### Stored data ###

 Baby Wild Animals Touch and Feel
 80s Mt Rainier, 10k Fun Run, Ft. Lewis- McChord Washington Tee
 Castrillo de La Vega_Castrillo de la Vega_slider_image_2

###

### Work required
Restate the data above in full, word for word.

### Task result
 Baby Wild Animals Touch and Feel
 80s Mt Rainier, 10k Fun Run, Ft. Lewis- McChord Washington Tee
 Castrillo de La Vega_Castrillo de la Vega_slider_image_2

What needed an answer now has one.